Nova Scotia

Court dismisses appeal of former Halifax taxi driver Bassam Al-Rawi

Former Halifax taxi driver Bassam Al-Rawi was convicted of sexual assault in 2020, but he argued in an appeal that the judge's decision was flawed.

Al-Rawi was convicted of sexual assault in 2020, but he argued the judge's decision was flawed

Bassam Al-Rawi appears in Halifax provincial court on Jan. 7, 2019. (Robert Short/CBC)

Nova Scotia's highest court has dismissed the appeal of a former Halifax taxi driver who was convicted of sexually assaulting a woman nine years ago.

Bassam Al-Rawi was convicted in August 2020 of assaulting the woman in his apartment in Bedford, N.S., on Dec. 15, 2012.
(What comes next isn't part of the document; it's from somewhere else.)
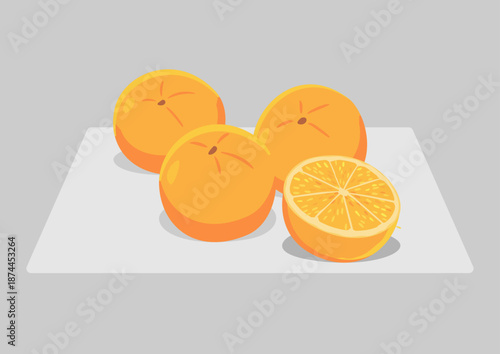 Fresh Isolated Oranges with One Halved on a White Surface Background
He had picked the woman up in his taxi in downtown Halifax. She had come into the city the day before, was lost and intoxicated. Her identity is protected under a publication ban.

In the original trial, the identification of Al-Rawi was a significant issue, as the woman was unable to identify him as the cab driver she had encountered.

In the appeal in June, Al-Rawi argued through his lawyer, Ian Hutchison, that the trial judge did not properly apply the law relating to identification evidence. The Appeal Court judges rejected that argument in their ruling, which was released Tuesday.

Appeal arguments rejected

Al-Rawi's lawyer also argued that the conclusion of the trial judge, Justice Gerald Moir, was flawed because he "engaged in impermissible speculation, improperly enhanced the complainant's credibility and reversed the burden of proof."

Hutchison argued Moir had failed to consider how selective the woman's memory was when assessing her credibility, as she had clear recollections of sexual activities but claimed to have no memory of developments that could have supported the taxi driver's defence.

In their decision Tuesday, the Appeal Court judges ruled Al-Rawi's lawyer failed to demonstrate there was an error in the trial judge's credibility analysis.

Hutchison also argued that the judge confused the concept of criminal intent and the defence of honest and mistaken belief in consent, stating that Moir "inappropriately only focused on the issue of 'communicated consent.'" But the Appeal Court judges ruled there is no indication Moir misunderstood or misapplied the concepts. 

"His reasons do not demonstrate error," the ruling says.

"Having considered the totality of the record and the submissions of counsel, I am satisfied none of Mr. Al-Rawi's complaints give rise to an error of law on the trial judge's part," Justice Cindy Bourgeois wrote in the decision on behalf of the two other judges, Elizabeth Van den Eynden and Peter Bryson.

"I would dismiss the appeal and uphold the sexual assault conviction."

Sentenced to 2 years

After the conviction, Al-Rawi was sentenced to two years in prison.

However, he had been free on conditions and was living in Germany while awaiting this appeal. He was instructed to return to Canada two weeks before the Court of Appeal issued its decision and turn himself in 24 hours before the decision was released.

A spokesperson for the judiciary confirmed Wednesday Al-Rawi turned himself in as required. He is now in custody.

Al-Rawi has previously been acquitted in another case of sexual assault.

That case generated controversy when the original trial judge said "clearly a drunk can consent" in his decision to acquit. Al-Rawi was eventually retried and acquitted a second time.